A comprehensive Python toolkit for exporting, cleaning, processing, and preparing time series data from InfluxDB for machine learning, primarily designed for working with water meter data.
- 🔄 Export Data: Query and export data from InfluxDB with customizable parameters
- 🧹 Clean Data: Interactive data cleaning tool with options to remove columns, filter values, and rename columns
- 🕒 Reformat Timestamps: Convert timestamps to different timezones and formats, with options to keep only time components
- 📊 Data Visualization: Preview data and statistics directly in the console
- 🔒 Secure Credentials: Store InfluxDB credentials securely, protected from Git
- 🏷️ Event Labeling: Interactive event labeling system for past water consumption data
- Python 3.6+
- pandas
- influxdb-client
- pytz
- matplotlib
- scikit-learn
- numpy
- Clone this repository
- Install the required dependencies:
pip install -r requirements.txt
Run the script with:
python influx_data_toolkit.py
The interactive menu will guide you through the available options:
- Export data from InfluxDB
- Clean existing CSV data for machine learning
- Reformat timestamps and adjust timezone
- Launch event labeler tool
- Exit program
The toolkit provides powerful data cleaning capabilities:
- Remove columns from datasets
- Filter data based on column values (equals, less than, greater than)

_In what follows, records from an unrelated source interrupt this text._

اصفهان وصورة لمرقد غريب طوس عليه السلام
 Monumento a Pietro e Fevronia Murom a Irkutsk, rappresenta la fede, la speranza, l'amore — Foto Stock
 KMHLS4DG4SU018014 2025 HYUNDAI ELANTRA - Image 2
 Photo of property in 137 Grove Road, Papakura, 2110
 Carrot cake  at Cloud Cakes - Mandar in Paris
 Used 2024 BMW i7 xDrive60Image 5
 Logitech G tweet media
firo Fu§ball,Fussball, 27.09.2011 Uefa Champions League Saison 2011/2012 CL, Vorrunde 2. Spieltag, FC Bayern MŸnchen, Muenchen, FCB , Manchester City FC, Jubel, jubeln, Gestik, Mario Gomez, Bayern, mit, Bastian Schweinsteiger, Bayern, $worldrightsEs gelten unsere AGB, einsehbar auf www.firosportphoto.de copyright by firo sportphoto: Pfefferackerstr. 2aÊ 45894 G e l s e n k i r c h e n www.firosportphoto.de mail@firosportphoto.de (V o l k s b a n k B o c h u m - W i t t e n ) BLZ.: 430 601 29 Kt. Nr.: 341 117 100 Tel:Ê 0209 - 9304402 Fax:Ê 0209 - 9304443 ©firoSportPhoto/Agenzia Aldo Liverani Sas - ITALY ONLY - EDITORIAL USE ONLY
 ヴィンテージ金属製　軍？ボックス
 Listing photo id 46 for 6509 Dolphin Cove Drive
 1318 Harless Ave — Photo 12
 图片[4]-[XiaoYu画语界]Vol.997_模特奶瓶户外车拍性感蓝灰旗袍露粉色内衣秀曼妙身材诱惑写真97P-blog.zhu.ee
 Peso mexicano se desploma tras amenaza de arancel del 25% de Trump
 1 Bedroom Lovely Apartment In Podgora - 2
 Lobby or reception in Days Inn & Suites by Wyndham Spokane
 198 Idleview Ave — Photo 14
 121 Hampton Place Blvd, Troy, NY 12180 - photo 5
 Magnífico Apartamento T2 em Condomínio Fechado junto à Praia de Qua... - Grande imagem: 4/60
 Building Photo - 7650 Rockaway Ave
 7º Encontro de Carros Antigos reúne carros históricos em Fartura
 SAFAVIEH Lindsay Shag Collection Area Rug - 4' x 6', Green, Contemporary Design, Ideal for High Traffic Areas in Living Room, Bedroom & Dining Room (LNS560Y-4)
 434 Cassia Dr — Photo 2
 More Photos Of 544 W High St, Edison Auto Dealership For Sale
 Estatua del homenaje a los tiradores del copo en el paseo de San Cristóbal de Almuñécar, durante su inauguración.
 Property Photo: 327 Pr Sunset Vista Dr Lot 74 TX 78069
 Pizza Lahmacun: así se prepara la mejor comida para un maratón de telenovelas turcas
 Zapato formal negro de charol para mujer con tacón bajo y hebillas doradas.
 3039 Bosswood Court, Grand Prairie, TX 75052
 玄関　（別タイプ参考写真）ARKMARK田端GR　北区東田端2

- Rename individual columns or multiple columns at once
- View summary statistics of your data
- Preview data before and after operations
The timestamp formatter now supports multiple operations:
- Convert timestamps between different timezones
- Remove date components (keep only time values)
- Combine both operations at once
- Clear naming convention for processed files (_time_only, _tz_converted, etc.)
The event labeler tool provides an interactive interface for labeling water consumption events in your time series data:
python event_labeler_launcher.py [optional_csv_file]
Features include:
- Interactive visualization of water consumption data
- Configurable rules for event detection
- Manual labeling of water consumption events
- Export of labeled datasets for further analysis in Google Colab
- Export data from InfluxDB (providing credentials if needed)
- Preview the exported data
- Reformat timestamps to your local timezone
- Clean the data by removing unnecessary columns or filtering values
- Use the event labeler to identify and label water consumption events
- Export labeled data for use with machine learning models in Google Colab
This project is licensed under the MIT License - see the LICENSE file for details.